Records to use Block Start
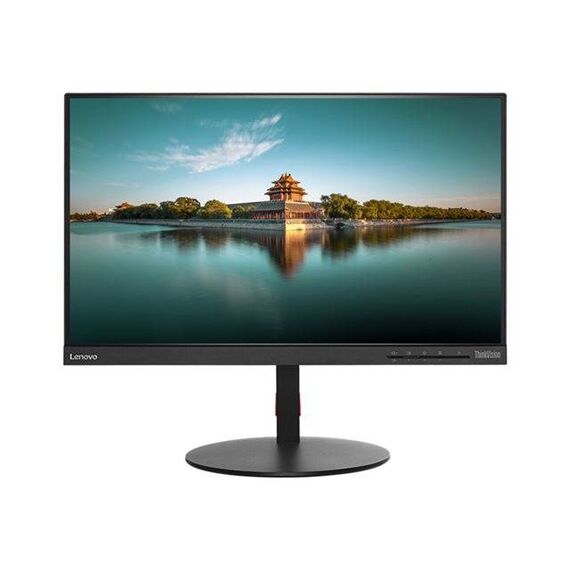 Monitor 23" Lenovo ThinkVision T23i-20 61F6MAT2EU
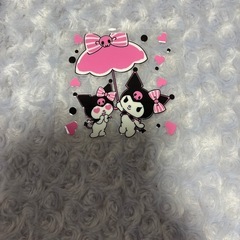 ハーフカプラシール②の画像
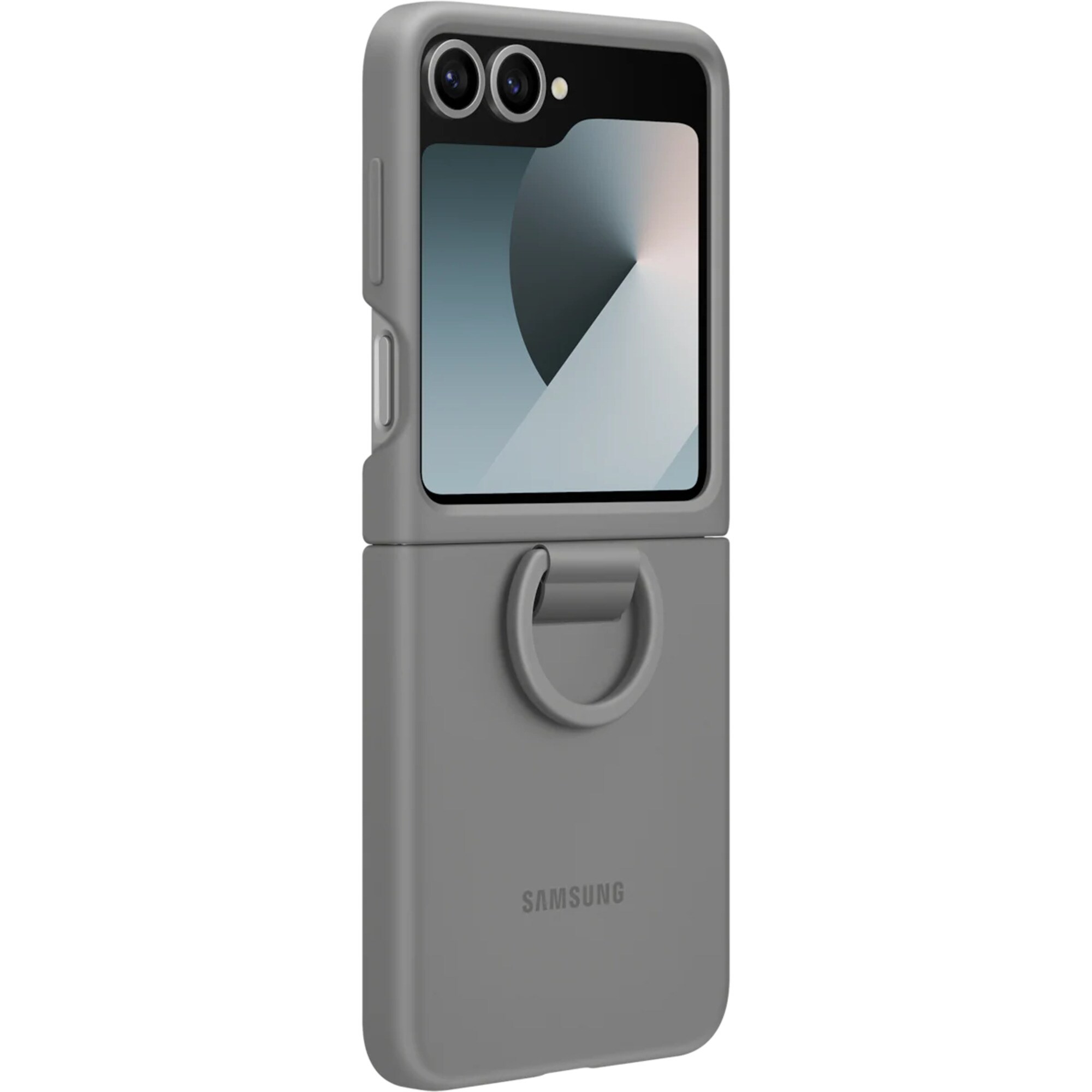 Samsung Handyhülle Silicone Case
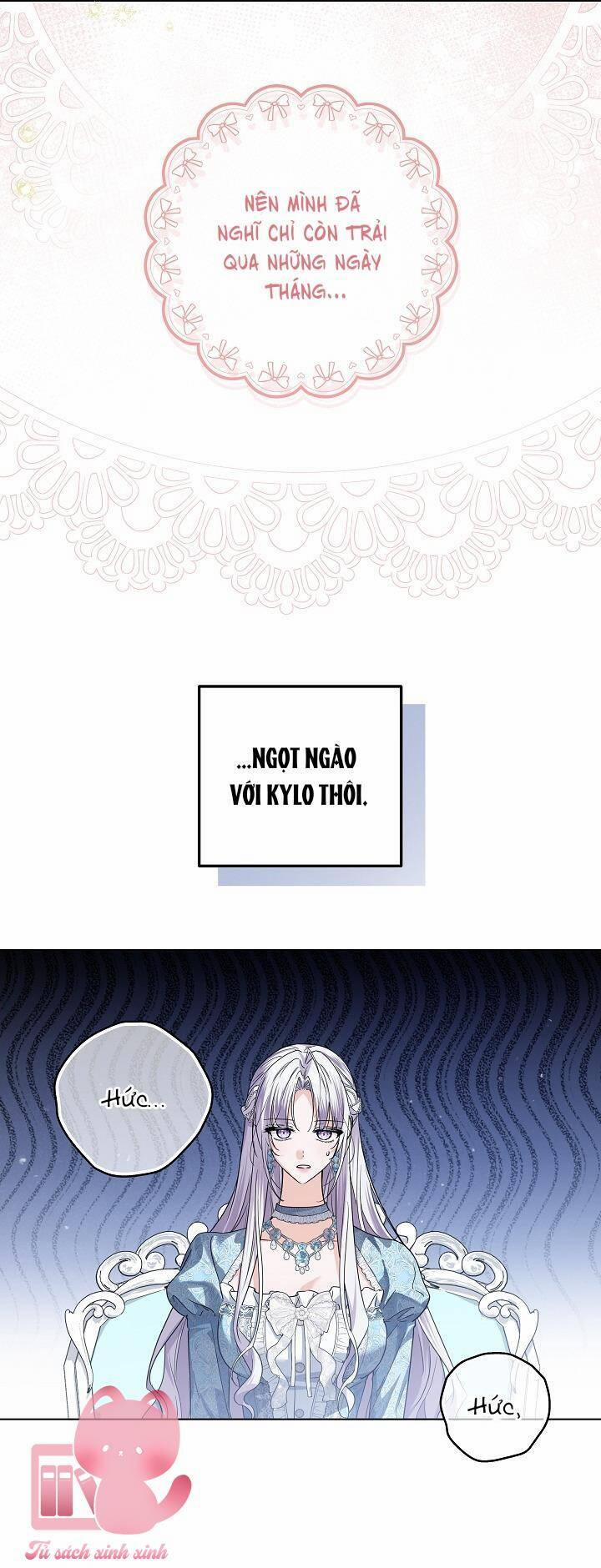 Hoàng Nữ Cosplay Nonfan 42 trang 61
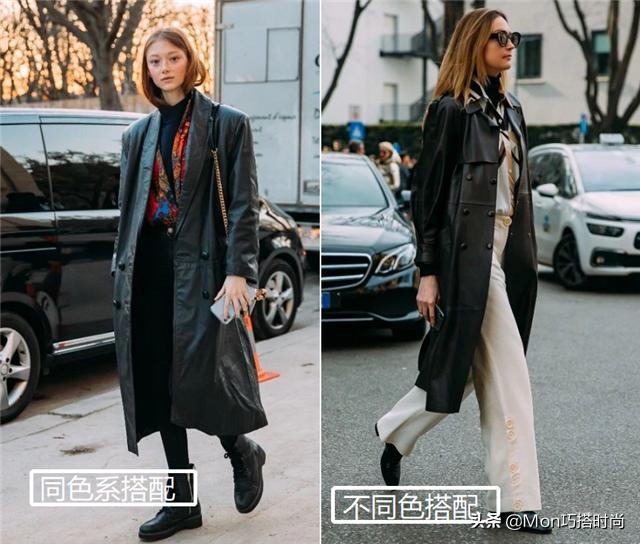 适合小个子穿的平底鞋,小个子穿平底鞋显高的搭配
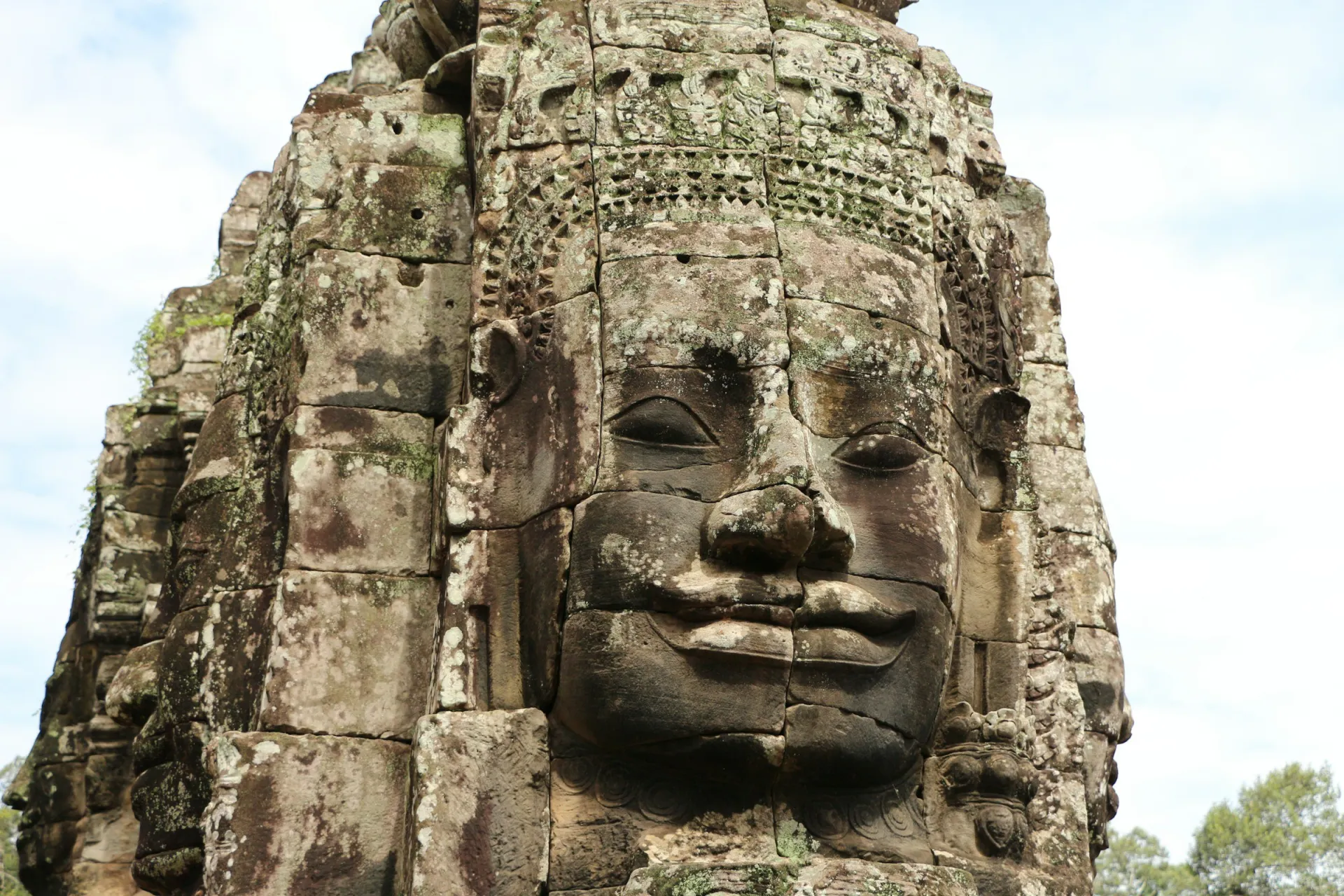 Angkor in Style 4 days – photo 5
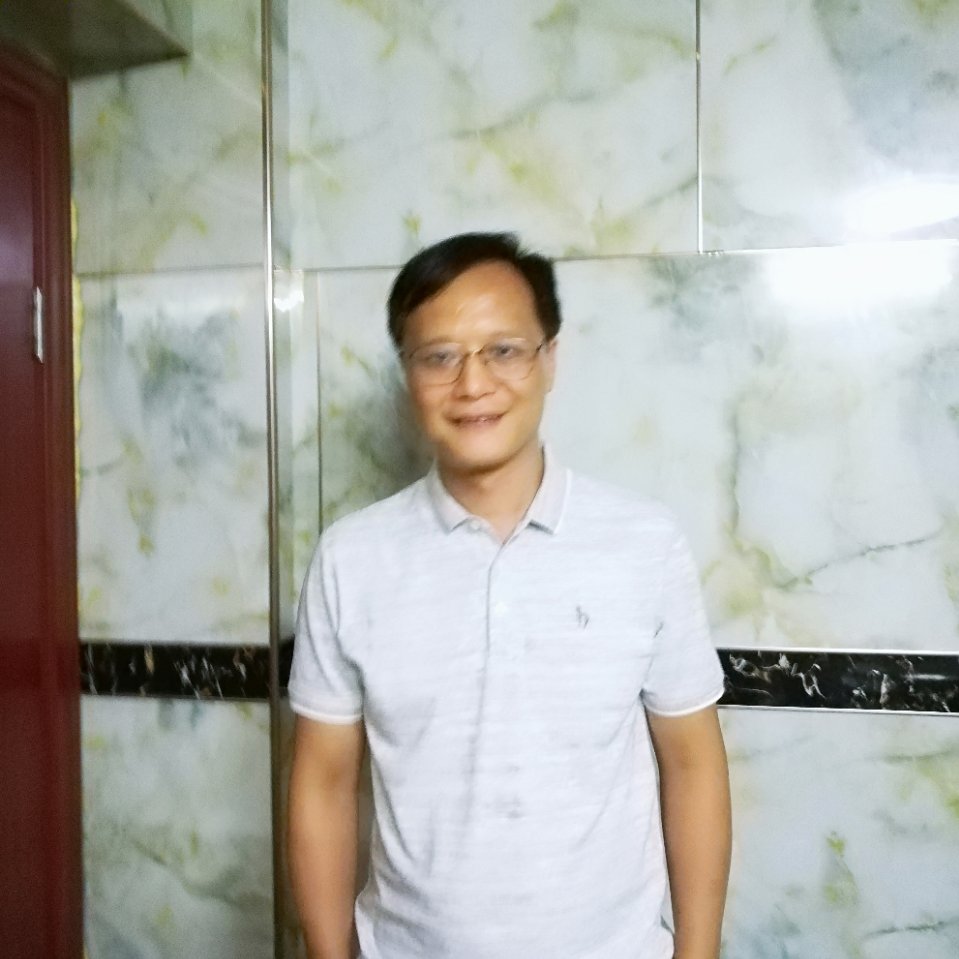 hope1的照片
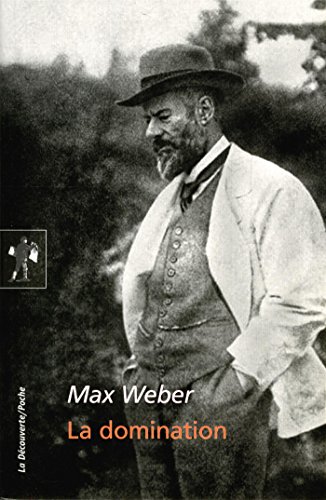 La  domination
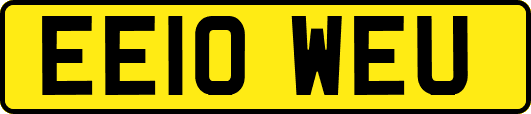 EE10WEU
Records to use Block End
## Task requirements
The reply should hold every entry above, given again exactly, but not a single picture.

## Exercise output
 Monitor 23" Lenovo ThinkVision T23i-20 61F6MAT2EU
 ハーフカプラシール②の画像
 Samsung Handyhülle Silicone Case
 Hoàng Nữ Cosplay Nonfan 42 trang 61
 适合小个子穿的平底鞋,小个子穿平底鞋显高的搭配
 Angkor in Style 4 days – photo 5
 hope1的照片
 La  domination
 EE10WEU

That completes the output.